Right now there is a lot of talk about allowing more geographic mobility to enable more economic mobility--in other words, easing immigration restrictions. There is powerful evidence that enabling more migration (internal and external) would be a powerful tool to fight global poverty.
But there is a different kind of geographic and economic mobility that is worth thinking about--the geographic and economic immobility of cash.
A just-for-fun project to track the movement of specific dollar bills as they move from place to place and person to person has yielded very interesting data on this issue in the United States. Back in 1998 the Where's George project started encouraging people to log the geographic (by zip code) location of their cash before spending it. Later, when someone else logged a specific bill on the Where's George website, both parties could see where the bill had traveled. There have been more than 1 million entries for almost 500,000 individual bills.
Now all those data points have been brought together by Dirk Brockmann to produce a map of where cash moves, and where it doesn't.
The dark blue lines indicate "cash borders"--it's rare for cash to move across these borders. You can read more about the creation of the maps on Robert Krulwich's blog at NPR.
The map documents distinct cash economies in the United States. It's strikingly similar to a map based on cellphone calls from a few years ago (also via Krulwich).

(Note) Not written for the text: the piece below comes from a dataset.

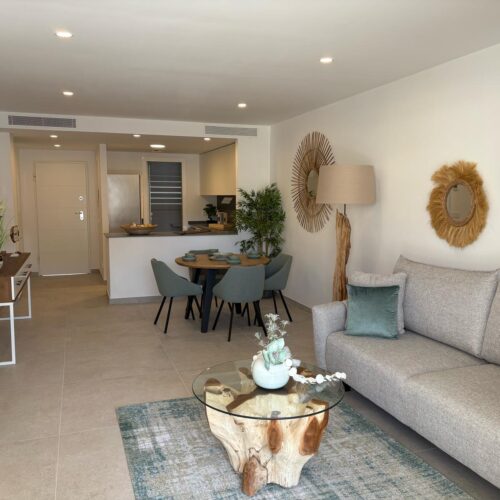 Exklusive Wohnungen und Penthäuser in Cala Ratjada – Neubau mit 2-3 Schlafzimmern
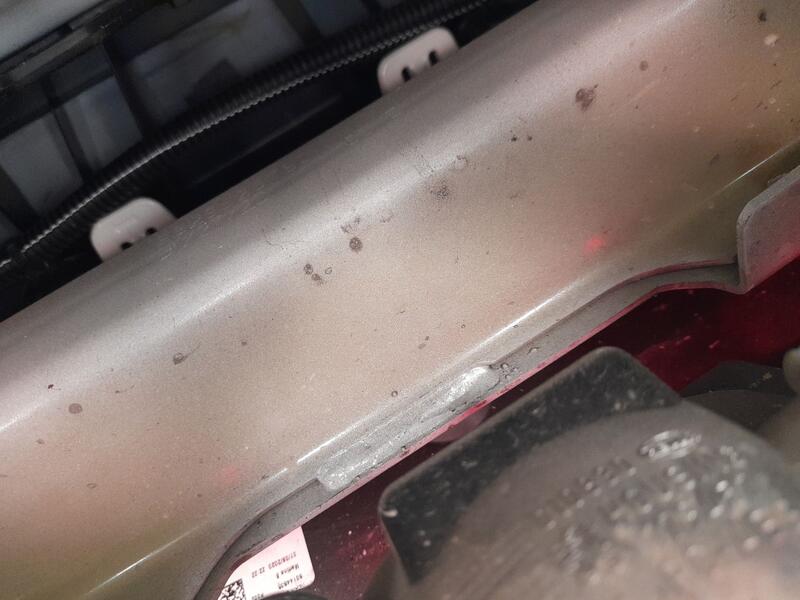 Refuerzo Paragolpes Trasero para Peugeot 208 Ii (Ub_, Up_, Uw_, Uj_)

Looking at the two maps together is a powerful reminder that the boundaries of a cash economy are essentially based on who you know. In other words, your ability to transact is limited to your ability to physically interact.
Now the fact is that the United States is significantly more economically integrated than the cash or cellphone maps indicate. There are vast economic connections that a map of cash transactions does not capture—the exchange of value in those connections are handled electronically. Look for a moment at how much smaller geographically the cash economies are than the "real" economy.
This, I think, is a useful way to think about the value of electronic payments and increasing the mobility of money. Even in the United States, a country known for the geographic mobility of its inhabitants, the cash economy has definite borders. If Americans were forced to live their entire economic lives within these borders, they would be substantially poorer.
If we want to increase economic mobility, than an important step is increasing the geographic mobility of money. Creating an electronic payments infrastructure won’t be the end of regional economies, but it will make the borders of those economies more porous—to everyone’s ultimate benefit.